A previously unknown L-shaped structure has been identified by researchers using ground-penetrating technology in an ancient Egyptian cemetery in Giza, according to a study published in the journal Archaeological Prospection on Monday.
The researchers, a joint team of researchers from Higashi Nippon International University, Tohoku University, and Egypt’s National Research Institute of Astronomy and Geophysics, scanned below the sand’s surface in a “blank area” of Giza’s Western Cemetery alongside the Great Pyramid of Khufu.
The Western Cemetery is, according to the researchers, “an important burial place of members of the royal family and high-class officers” that is densely populated with mastabas, a type of tomb with rectangular funerary chapels that give way to shafts connected to underground burial chambers. However, there is the afforementioned blank space in the center of the cemetery with no aboveground structures and on which no noteworthy excavations have been conducted.
Over two years beginning in 2021, the team conducted a geophysical survey, using a combination of ground-penetrating radar (GPR) and electrical resistivity tomography (ERT) to see under the surface. The surveys revealed anomalies they believe “could be vertical walls of limestone or shafts leading to a tomb structure”.

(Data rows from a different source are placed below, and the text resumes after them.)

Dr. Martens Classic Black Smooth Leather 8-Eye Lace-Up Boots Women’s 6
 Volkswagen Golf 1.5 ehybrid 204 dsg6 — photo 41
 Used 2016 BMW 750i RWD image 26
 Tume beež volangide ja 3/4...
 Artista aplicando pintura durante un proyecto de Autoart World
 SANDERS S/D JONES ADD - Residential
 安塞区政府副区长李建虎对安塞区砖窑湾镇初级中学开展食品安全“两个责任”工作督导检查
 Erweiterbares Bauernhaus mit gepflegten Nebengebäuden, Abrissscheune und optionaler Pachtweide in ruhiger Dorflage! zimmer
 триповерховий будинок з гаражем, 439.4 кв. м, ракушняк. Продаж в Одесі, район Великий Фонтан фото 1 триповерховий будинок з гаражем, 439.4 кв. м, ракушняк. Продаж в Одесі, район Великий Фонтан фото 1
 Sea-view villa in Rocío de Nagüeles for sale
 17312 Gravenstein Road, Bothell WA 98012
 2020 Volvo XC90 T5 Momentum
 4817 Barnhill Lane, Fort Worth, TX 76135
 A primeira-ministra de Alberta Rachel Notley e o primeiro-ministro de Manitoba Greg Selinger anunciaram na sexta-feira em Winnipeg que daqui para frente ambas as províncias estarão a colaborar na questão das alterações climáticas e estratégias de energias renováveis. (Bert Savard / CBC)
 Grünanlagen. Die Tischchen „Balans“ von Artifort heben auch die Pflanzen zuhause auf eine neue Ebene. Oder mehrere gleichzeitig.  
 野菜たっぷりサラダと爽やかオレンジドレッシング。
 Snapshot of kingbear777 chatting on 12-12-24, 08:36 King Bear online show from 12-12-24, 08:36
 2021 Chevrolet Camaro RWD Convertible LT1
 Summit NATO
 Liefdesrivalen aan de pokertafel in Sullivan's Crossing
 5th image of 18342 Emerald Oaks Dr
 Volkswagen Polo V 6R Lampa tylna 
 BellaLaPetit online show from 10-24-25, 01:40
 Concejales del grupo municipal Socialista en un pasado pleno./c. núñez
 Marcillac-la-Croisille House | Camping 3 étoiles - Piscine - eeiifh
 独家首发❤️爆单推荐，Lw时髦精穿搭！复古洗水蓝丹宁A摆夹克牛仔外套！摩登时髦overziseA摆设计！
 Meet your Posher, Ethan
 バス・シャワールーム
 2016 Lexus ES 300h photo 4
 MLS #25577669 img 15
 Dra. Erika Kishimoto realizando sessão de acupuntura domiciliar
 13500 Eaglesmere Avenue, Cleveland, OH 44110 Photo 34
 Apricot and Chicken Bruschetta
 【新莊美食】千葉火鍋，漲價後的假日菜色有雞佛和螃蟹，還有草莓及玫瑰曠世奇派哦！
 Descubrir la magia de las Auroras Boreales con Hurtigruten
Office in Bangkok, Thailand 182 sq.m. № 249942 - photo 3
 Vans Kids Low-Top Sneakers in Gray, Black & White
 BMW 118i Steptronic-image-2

The team then made a further series of surveys using another kind of ground-penetrating radar to determine the shape of the large anomaly. The results indicated an L-shaped structure roughly 33 by 49 feet that lay six-and-a-half feet below the ground.
The researchers are still unsure of its purpose. It may have served as a tomb entrance or a construction site later backfilled with sand. However, it seems to be connected to another 33 by 33-foot structure up to 33 feet beneath the ground. Without further excavation its function ultimately remains unclear.